13. Depuis 2014, des navires sénégalais se sont lancés dans la pêche au merlu, inspirés par les deux chalutiers espagnols. Le CRODT a également analysé que la pêche au merlu n’entre donc pas en interaction avec les milliers de pirogues actives sur les côtes sénégalaises.
14. La liste des navires européens actifs dans la ZEE du Sénégal est publique : 30 senneurs, canneurs et palangriers (ciblant thon et grands migrateurs) et 2 chalutiers par trimestre (ciblant le merlu noir, espèce démersale profonde) sont autorisés à fréquenter les eaux du Sénégal en 2020, sur les 45 possibilités.
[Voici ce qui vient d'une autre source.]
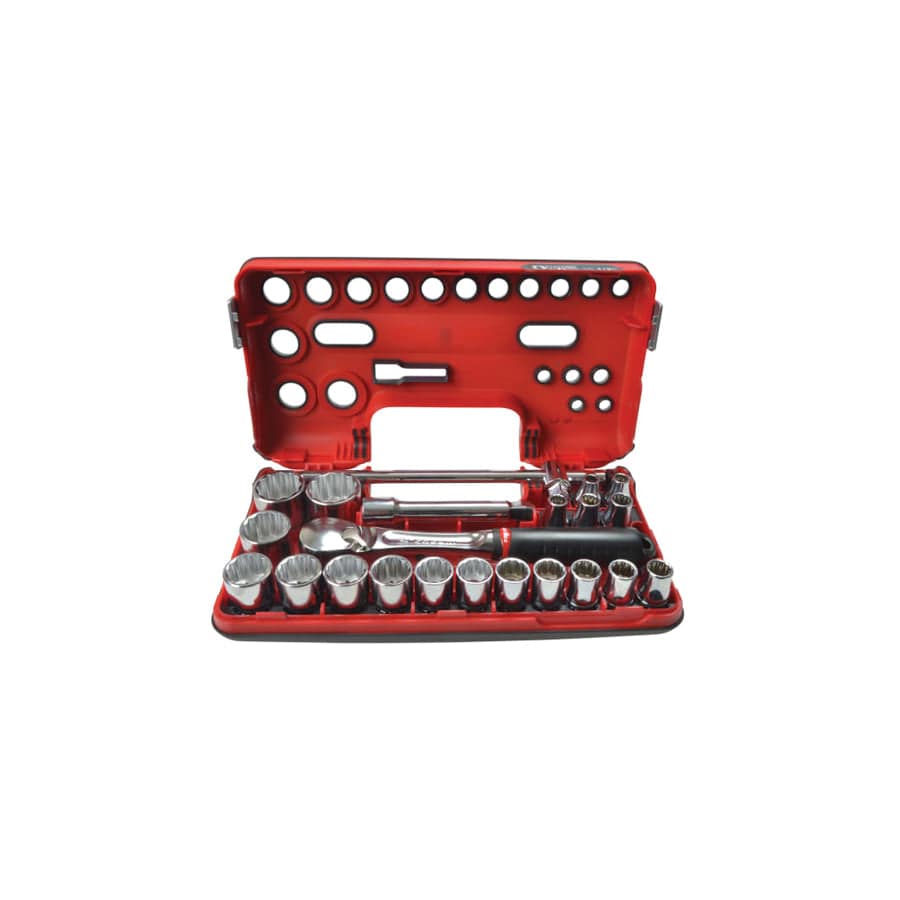 Facom FCMSLDBOX412 1/2in Drive 12-Point Detection Box Socket Set, 22 Piece | ML Performance UK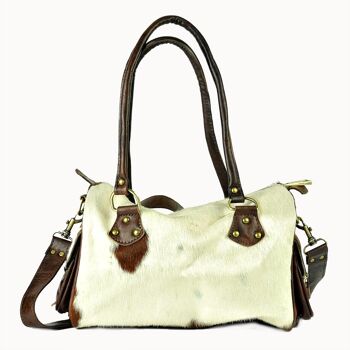 Sac en cuir "Yasmin" marron 2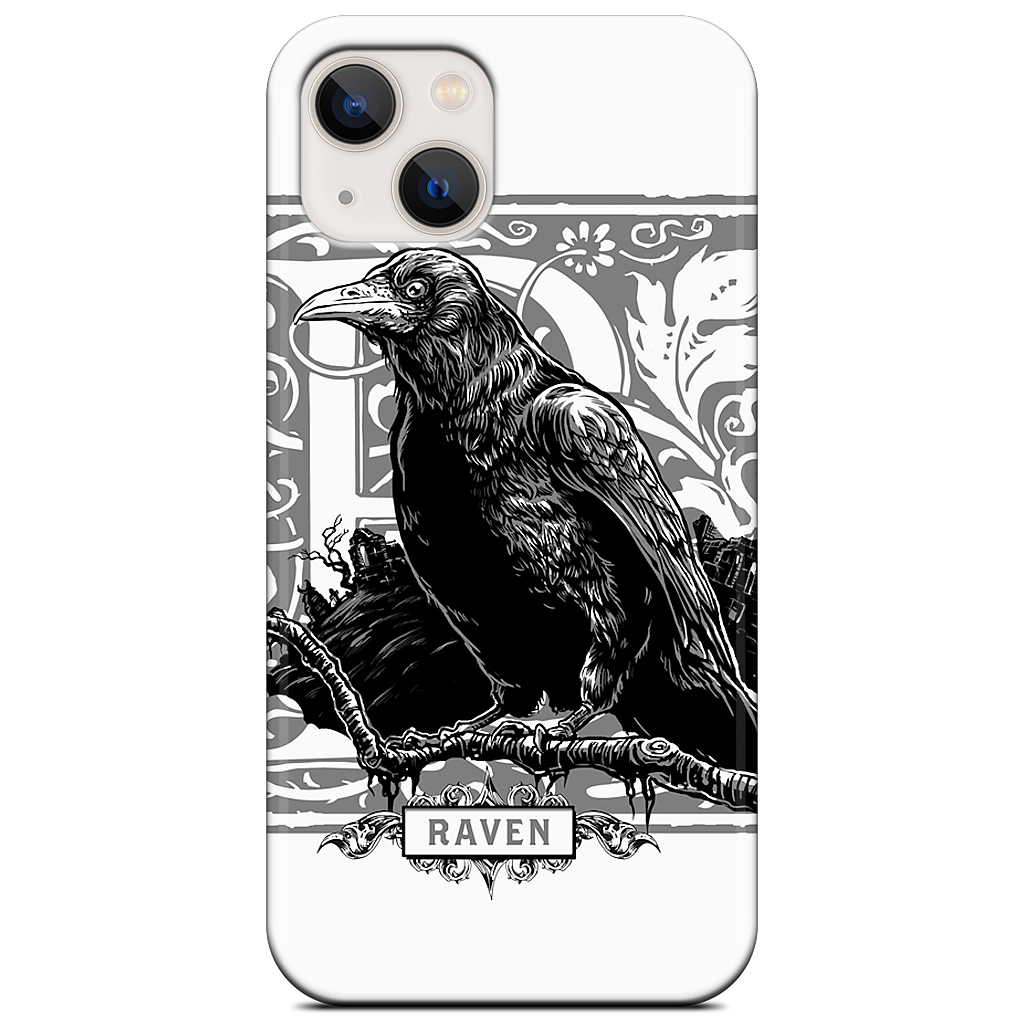 R Is For Raven iPhone Case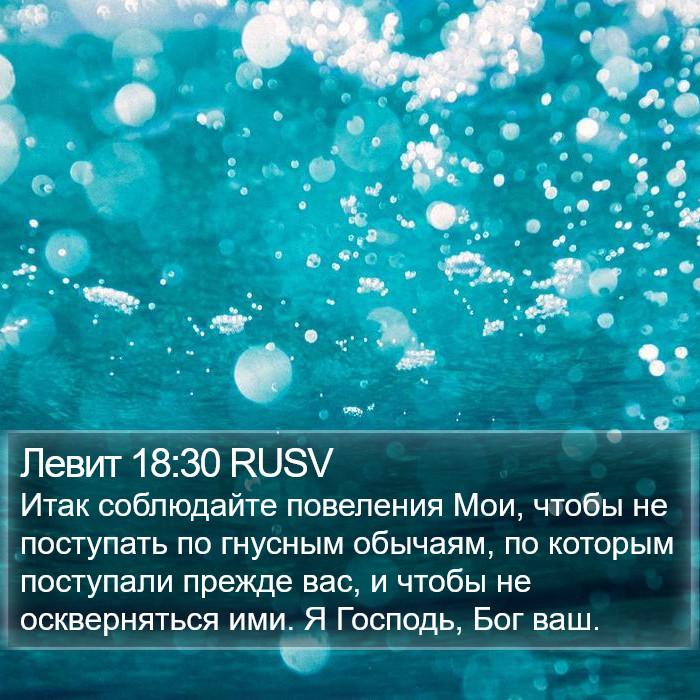 Левит 18:30 RUSV Bible Study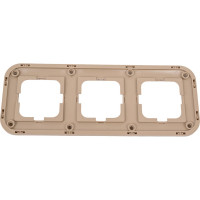 3-постовая рамка OVIVO Loft крафтовый 404-060006-227
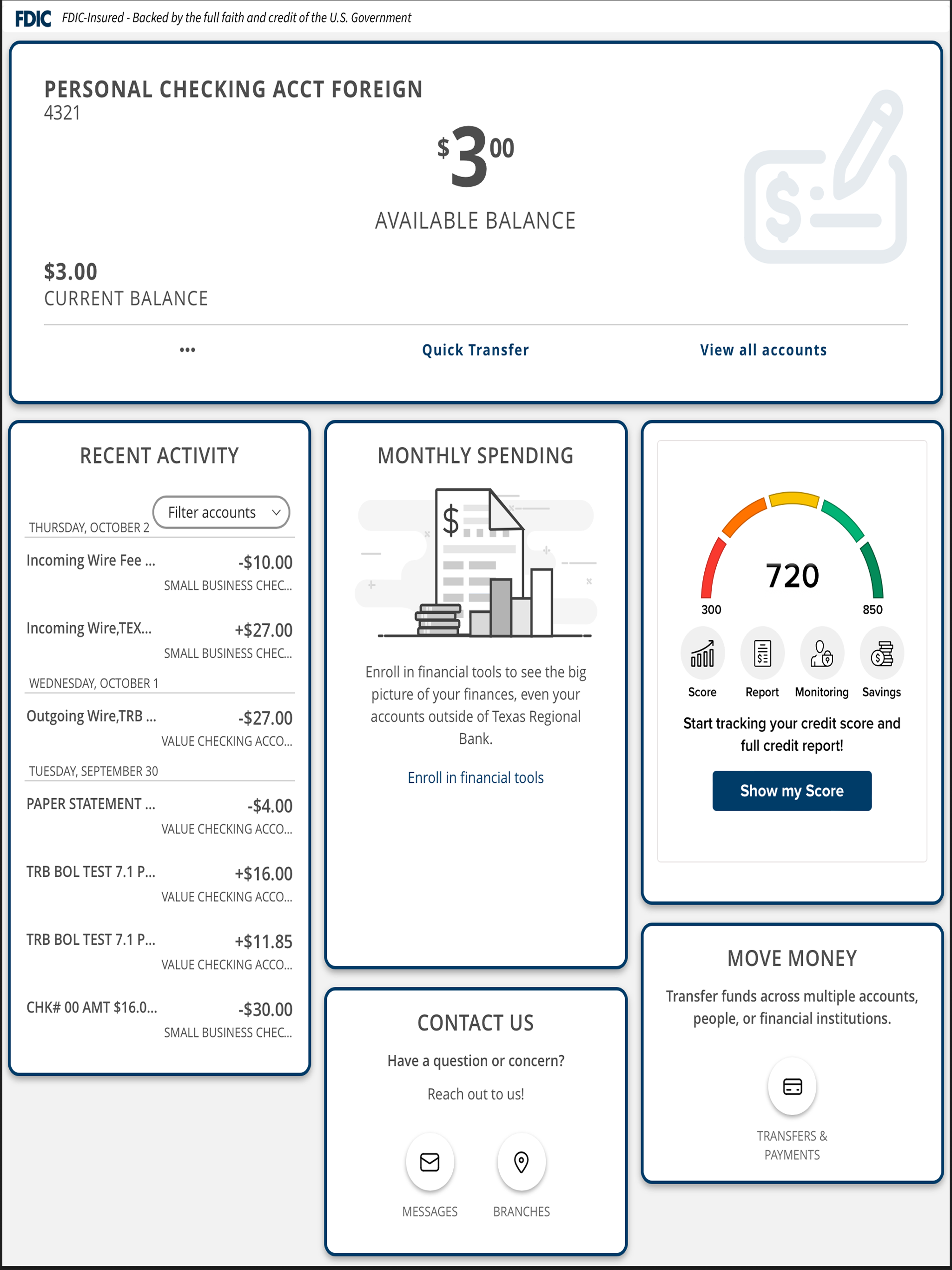 Texas Regional Bank Mobile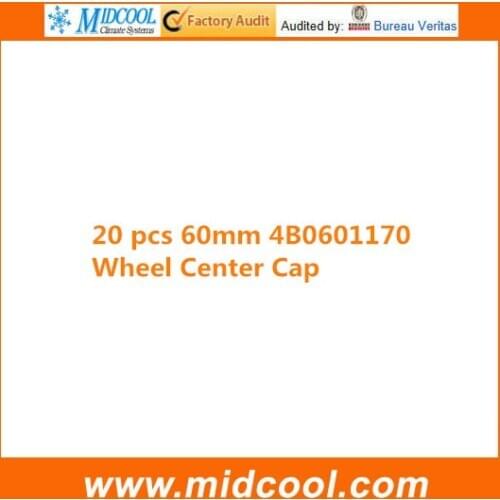 20 PCS High Quality Wheel Cap for 60MM 4B0601170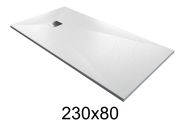 Shower tray 230x80 cm extra flat in resin - MUNICH XL
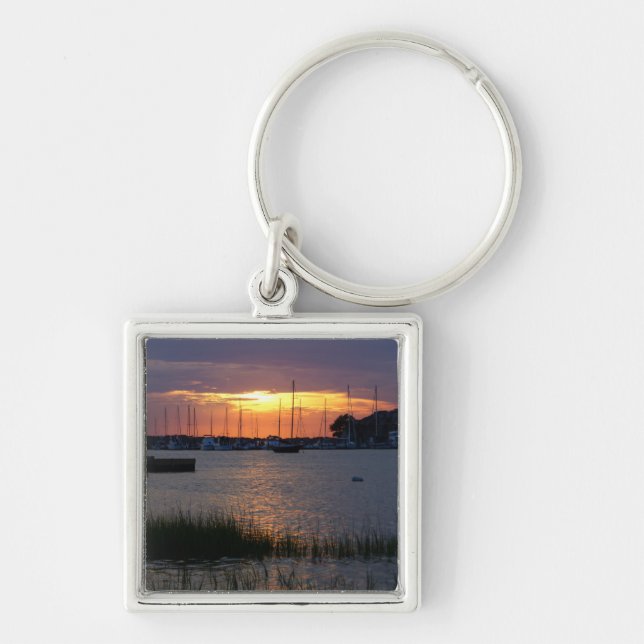 Folly River Sunset Key Ring (Front)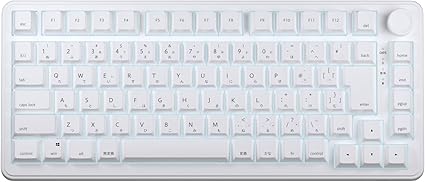 AIM1 瞬 MATATAKI ラピッドトリガー ポーリングレート8000Hz対応 日本語配列 有線 75%サイズ バックライトLED ゲーミングキーボード 磁気式スイッチ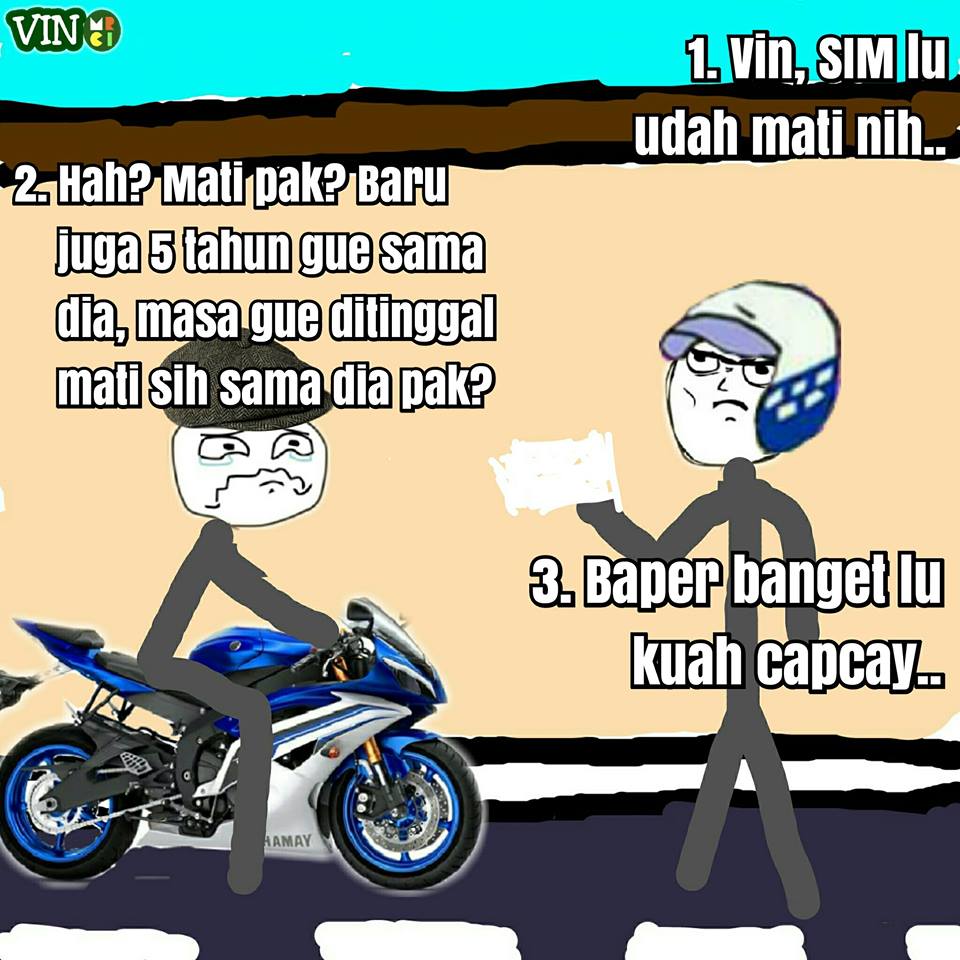 Komik Otong dan Polantas di gang kecil ini lucu kebangetan, asli!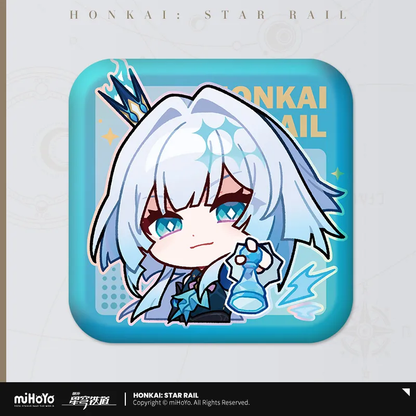 Honkai: Star Rail Pom-Pom Exhibition Series Square Tinplate Badge
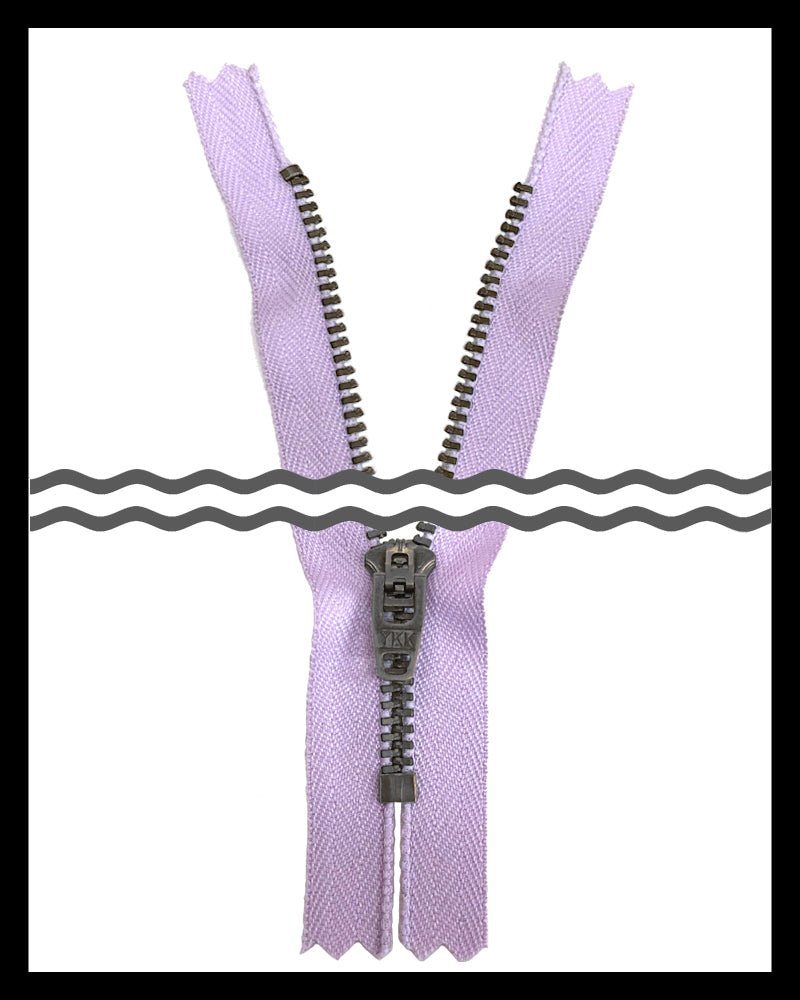 Information related to zippers, thread, and sewing.
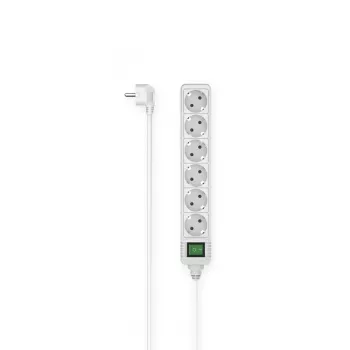 Hama 00223007 alargador 1,4 m 6 salidas AC para interior blanco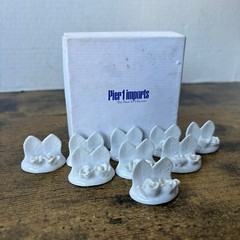 Set Of 9 Floral Ceramic Wedding Card Holders – White W Flowers Pier 1 Imports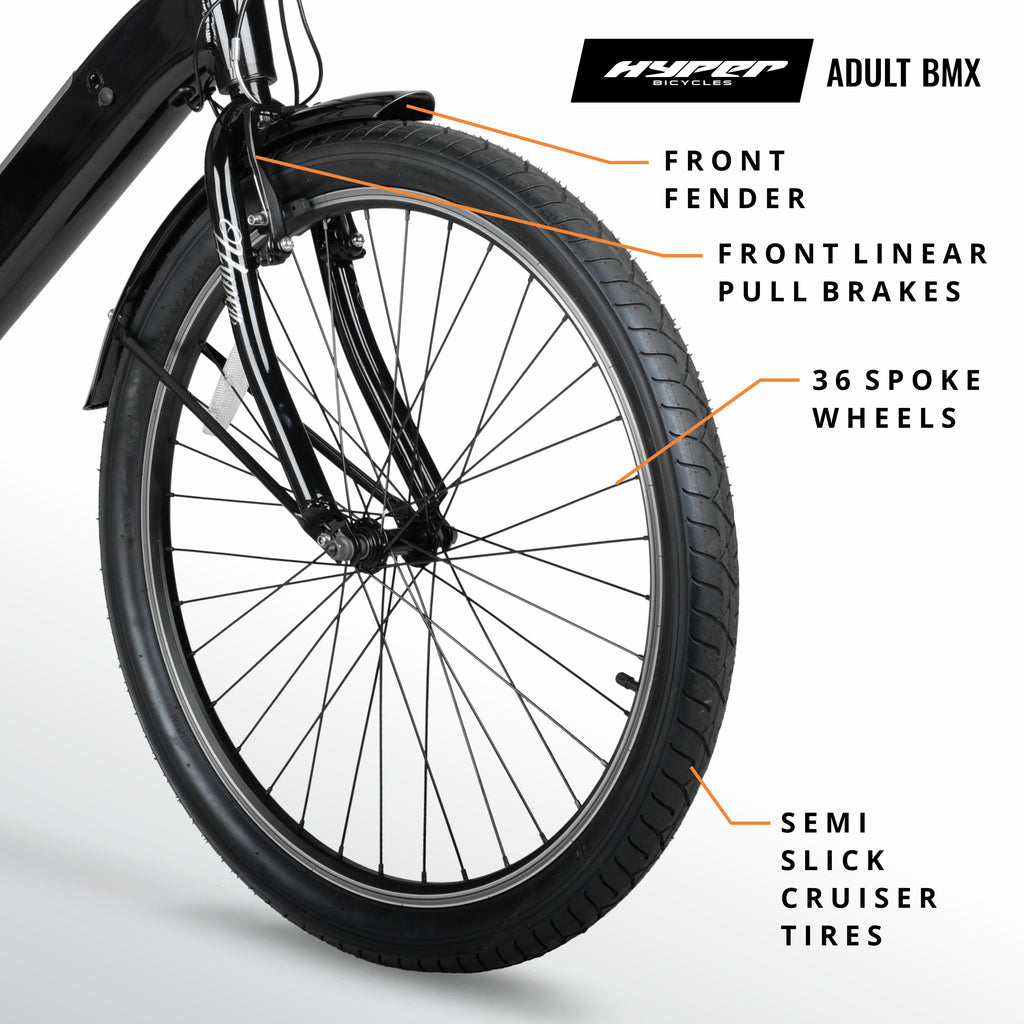 Hyper Bicycles 26 36V Men's Electric Cruiser E-Bike with Pedal-Assist, 250W Motor, Black Electric Bikes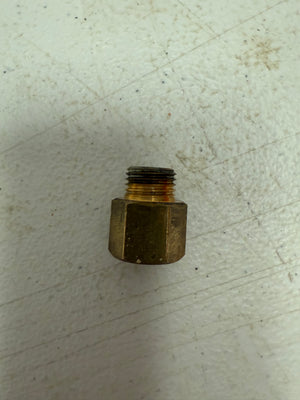 Brass pipe fitting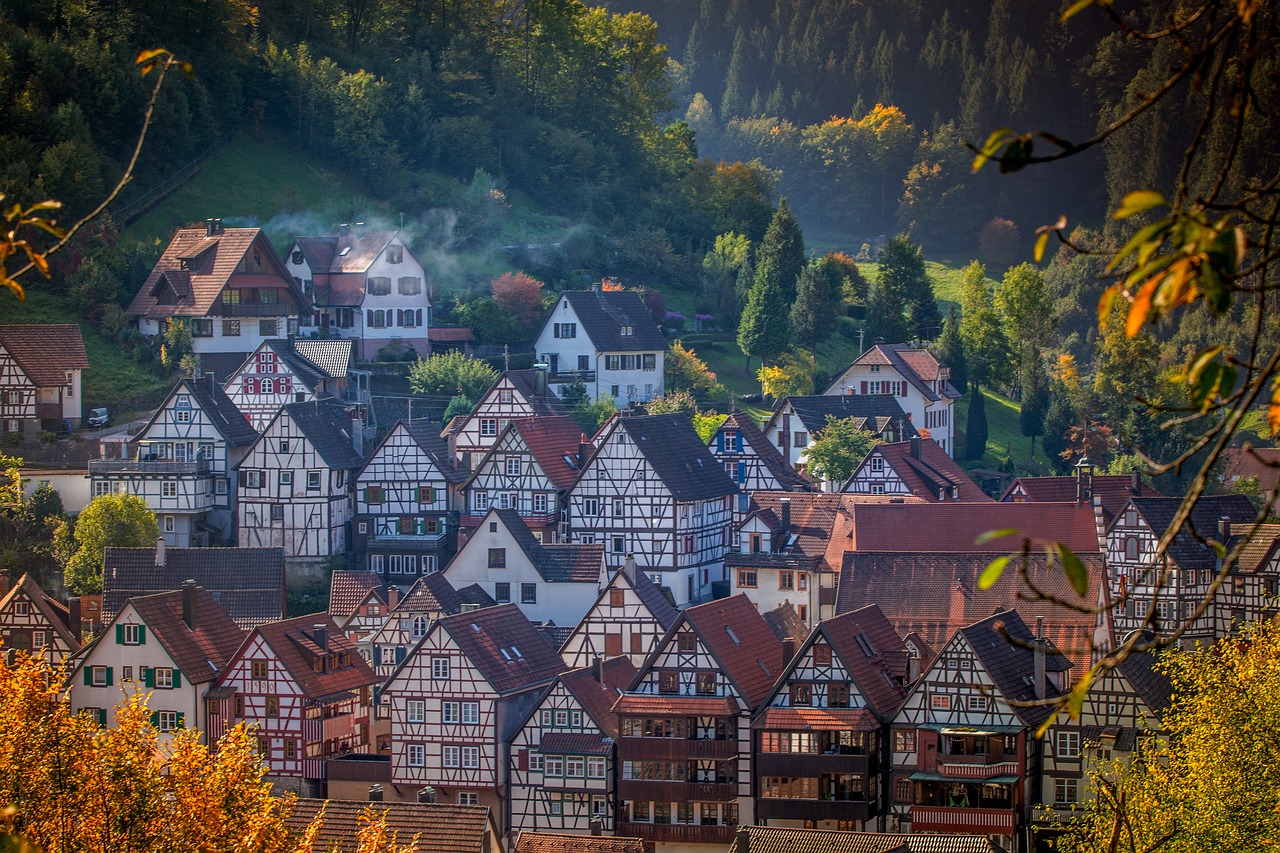 schiltach truss architecture free photo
Leur liste est disponible et actualisée chaque semaine, contrairement à tous les autres pavillons.
15. Les captures de la flotte thonière UE alimentent largement les conserveries situées en Afrique de l’Ouest, notamment au Cabo Verde, en Côte d’Ivoire et au Sénégal, pour être revendues sur le marché africain, entre autres.
16. L’Union, dans tous ses accords de pêche, soutient la capacité scientifique et de contrôle de ses partenaires à travers une coopération technique et les financements de l’appui sectoriel. L’Union agit en pleine concertation avec le ministère des Pêches et de l’Économie maritime, ainsi qu’avec le CRODT, son organe scientifique sous tutelle du ministère de l’Agriculture. Le rapport de réunion du Comité scientifique conjoint UE-Sénégal est disponible en ligne.
17. Les fonds de l’appui sectoriel (2019-2024) seront versés au Trésor du Sénégal ; ils sont en cours de programmation avant validation par la Commission mixte UE-Sénégal. Ils sont gérés par la Direction des pêches maritimes du ministère des Pêches et de l’Economie maritime et par les autres bénéficiaires sénégalais. Les activités de l’appui sectoriel permettent la mise en œuvre de la Lettre de politique sectorielle et les priorités énoncées dans le protocole 2019-2024, notamment le soutien à la recherche halieutique sénégalaise, la prévention de la pêche INN et la surveillance des pêches, la gouvernance durable du secteur et l’appui au secteur artisanal local.
18. L’UE soutient le secteur de la pêche durable à travers d’autres actions également. Pour rappel, c’est le projet ADUPES, financé par l’UE qui a structuré la pêche à la crevette profonde et au poulpe, de manière pérenne et rentable pour les acteurs sénégalais.»